It turned out that Christopher was an inquisitive kid. He peppered Buck with questions as he followed the GPS route to Eddie’s place. Christopher wanted to know Buck’s favorite color (red), his favorite superhero (Captain America), his favorite animal (dog), if he had any siblings (yes, a sister), his favorite food (Bobby’s mushroom risotto, but he told Christopher it was pizza), whether he thought dogs knew they were dogs (maybe…?), and if he’d always wanted to be a firefighter (no, but he couldn’t imagine doing anything else now). 

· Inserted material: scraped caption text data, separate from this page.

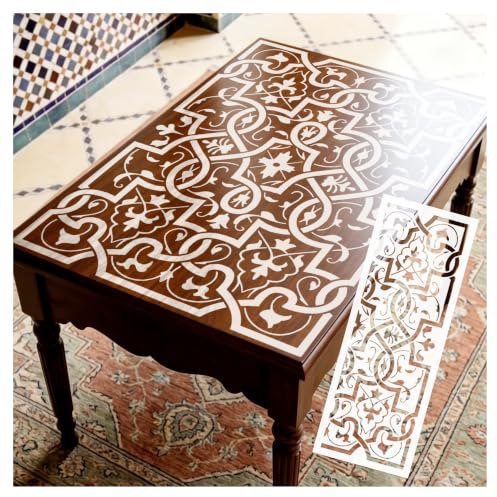 Large Furniture Stencils for Painting 35cmX105cm Moroccan Pattern | Reusable Large Stencils for Walls, For Wood Painting, Table Top Cabinet Dresser Makeover, Walls DIY Décor Home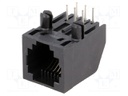 Socket; RJ12; PIN: 6; Cat: 3; with panel stop blockade,low profile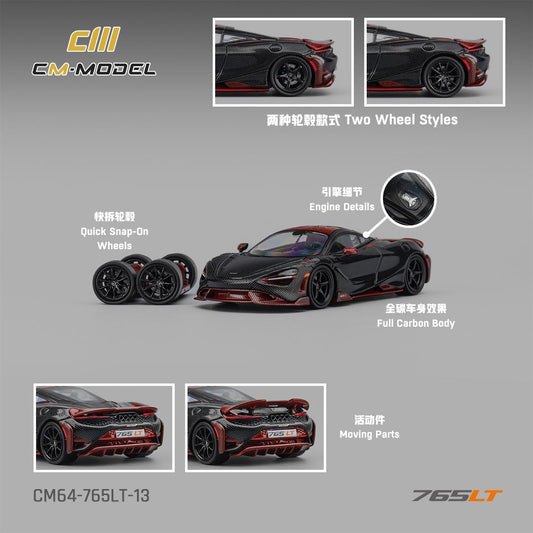 1/64 - McLaren 765LT Full Carbon Black-Red - CM64-765LT-13 - CM Models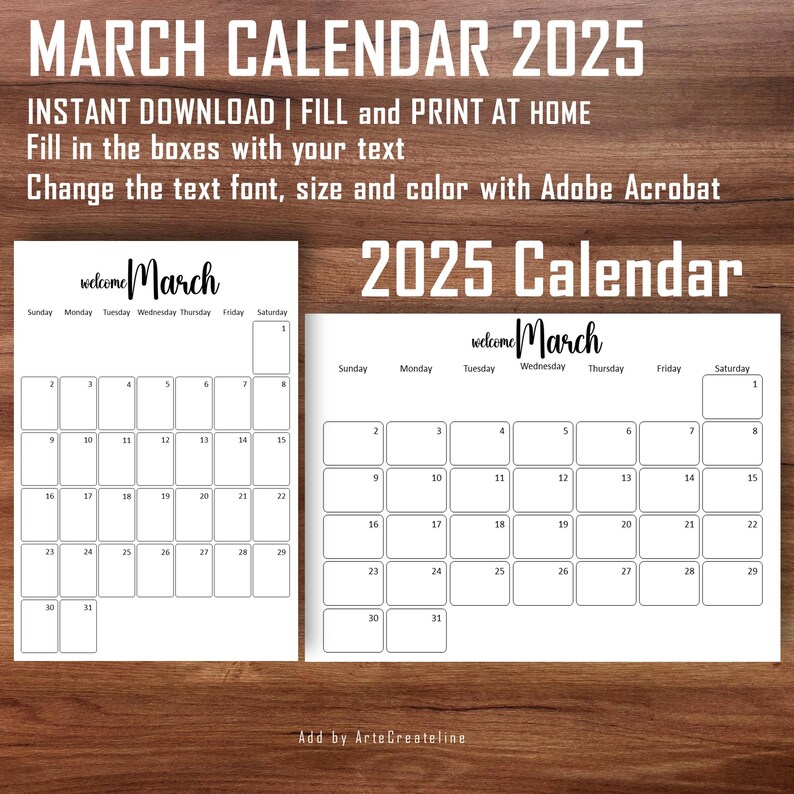 March Spring Calendar EDITABLE March 2025 Calendar, Printable March Calendar 2025, Classroom ...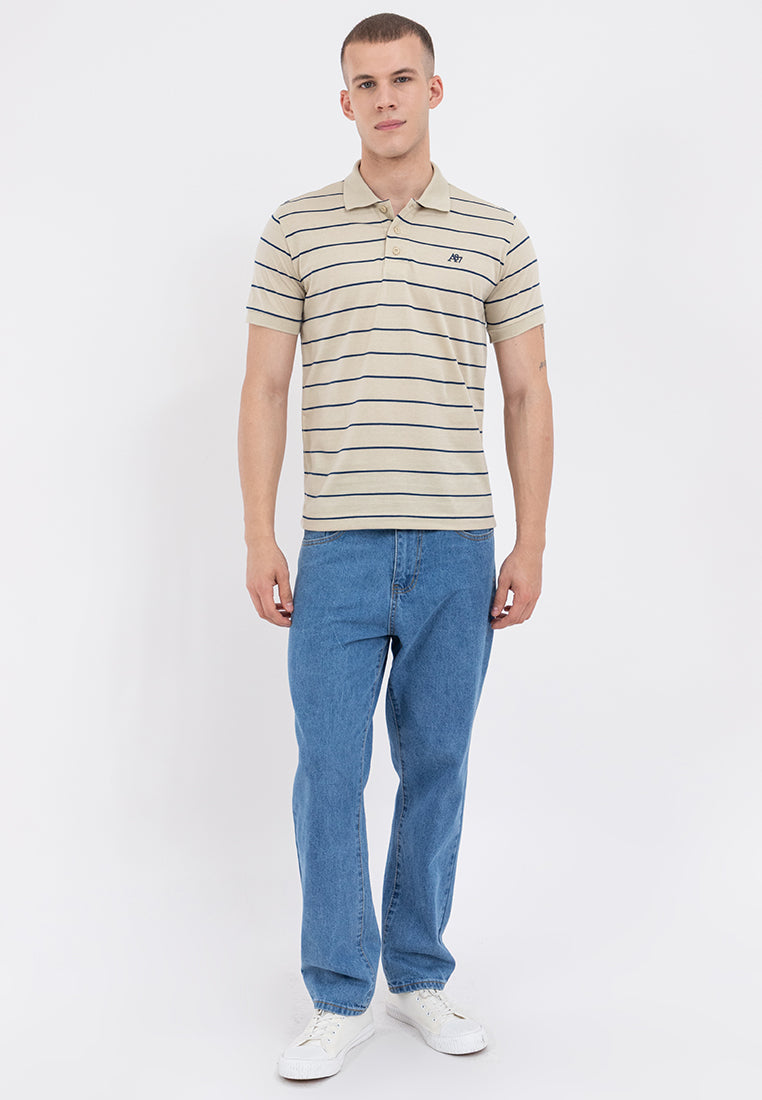 A87 Embroidered Striped Polo Shirt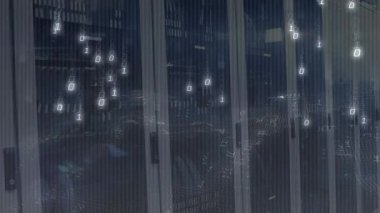 Soluk ikili basamaklar rafların üzerinde sürükleniyor, titreşen dalgalanmalar halinde birleşerek veri akışını görselleştiriyor. Teknoloji, dijital, siber, fütüristik, hareket, soyut, veri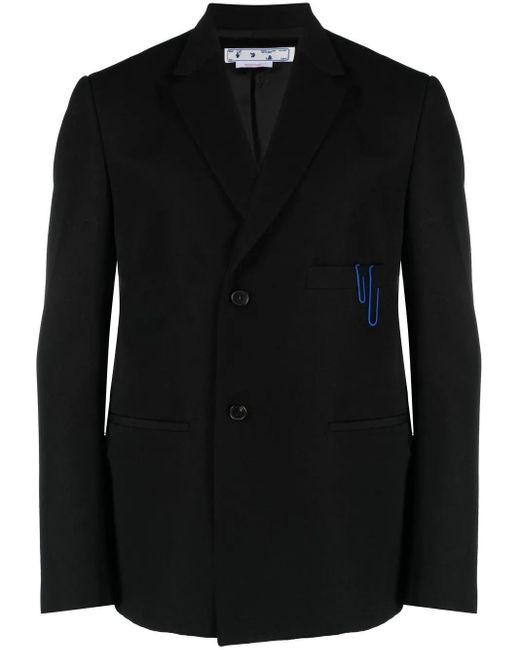 Off-White c/o Virgil Abloh Black Wool Single-breasted Blazer for men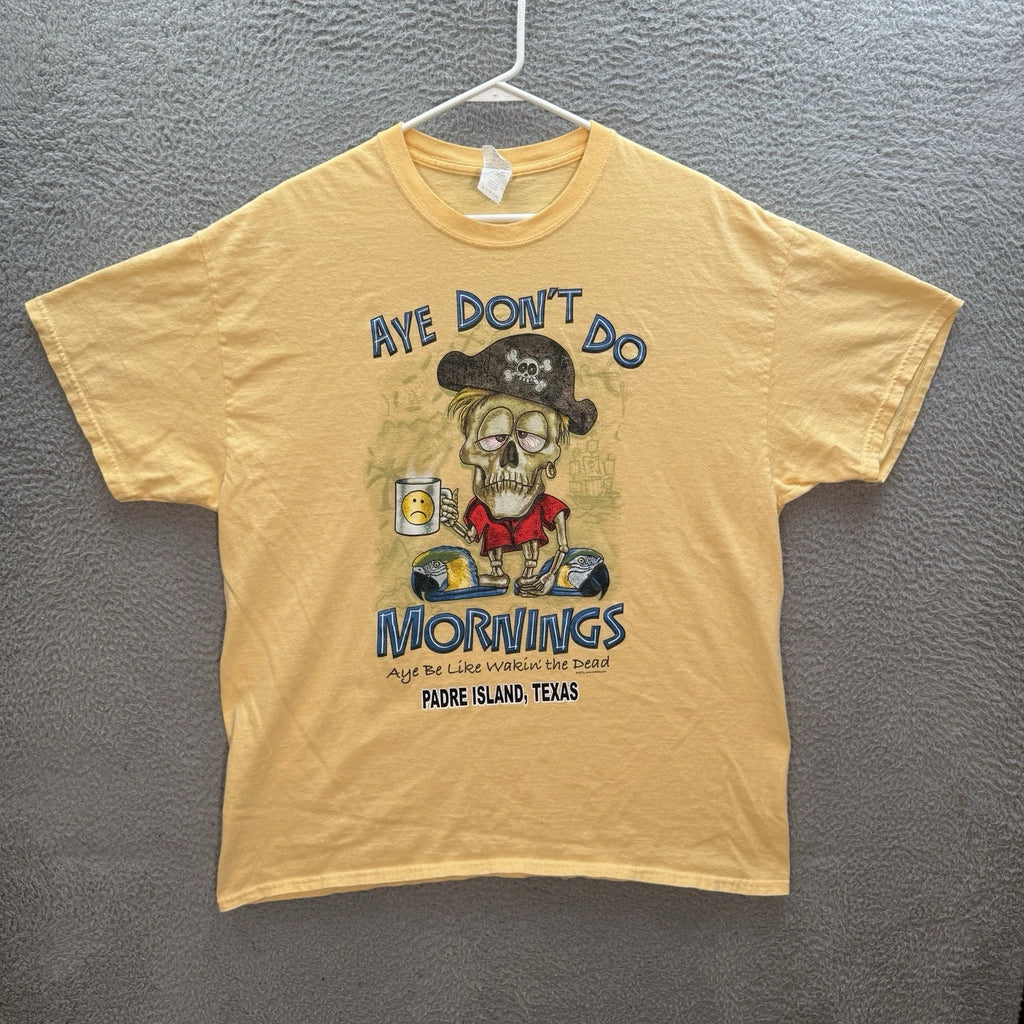 Gildan Shirt Adult Extra Large Yellow Coffee Humor Parrothead Grunge Skater Y2K
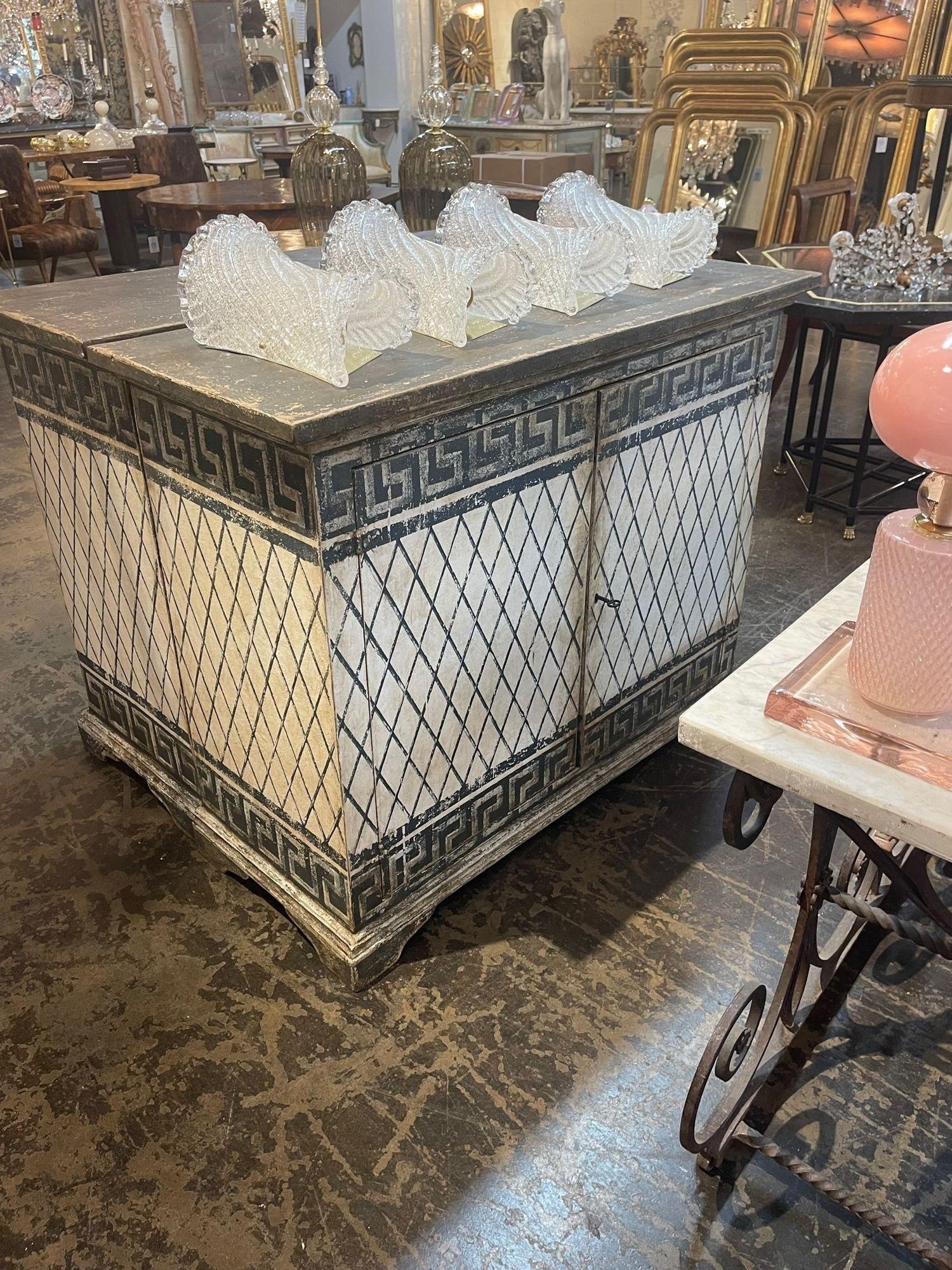 19th Century Italian Painted Buffets with Greek Key Design In Good Condition For Sale In Dallas, TX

By the time he pulled up to Eddie’s place—a lovely little ranch house—his throat was dry from talking so much, and he was pretty certain he loved Christopher.

 

It was the way he asked his questions—the little blue hints of shyness in his voice, the way he laughed through some of his questions, the way he looked at Eddie every so often, as if to check it was okay that he kept going. And Eddie—god, Eddie just smiled the whole way through. Called Christopher mijo every so often and Christopher would beam every single time, hands instinctively stretching out like he wanted to grab Eddie, like he had no doubt that Eddie would hold him if he did.

Eventually, he started to ask about their shift today, and after looking over at Eddie, they started on a PG-version of what happened. Christopher was rapt, gasping at Buck’s story of the elevator almost crashing down on him and Ali (“It wasn’t that close, Buck’s an exaggerator,” Eddie assured Christopher, like a liar). 

 

But right as Buck was parking in Eddie’s driveway, Christopher gasped. “I forgot to ask you something, Buck!”

Buck tamped down on his laugh. Eddie was less successful, but Christopher didn’t seem to mind it. “Buck’s really tired, mijo , and I know you are, too. So am I, honestly,” said Eddie. “Why don’t we save it for the next time we see Buck, hm?”

Buck tried not to take too much stock in that. But. He did want to see Christopher again, and if Eddie thought he would. 

It was just nice, was all.

 

Christopher was shaking his head, even as he started to unbuckle his seatbelt. “It’s important, ” he said.

Buck turned around in his seat. Christopher seemed to have trouble making eye contact, but he was gazing off to the side of Buck’s face intently. “What is it, bud?”

“Do you have kids?” Christopher asked, and Buck lost his breath momentarily. 

He blinked, and Christopher was still looking at him. Eddie too, for that matter.

It’s just—no one’s ever asked him that, before. No one ever thought to, and.

It just caught him off guard.

 

Buck sucked in a deep breath and said, “No, I—I guess I don’t, buddy. Why do you ask?”

Eddie tilted his head at him. Buck couldn’t bring himself to meet Eddie’s eyes.

Christopher, for his part, didn’t seem to notice Buck’s hesitation. “I just thought if you did, then you could come over with your kids and hang out,” he said. “I think Dad’s lonely here, sometimes.”

“Chris,” Eddie said, shaking his head as he finally started climbing out of Buck’s Jeep. To Buck, he said, “Sorry, he’s been trying to set me up with friends all week. The PTA bake sale was kinda awkward. I got a recommendation for a therapist by the end of it.”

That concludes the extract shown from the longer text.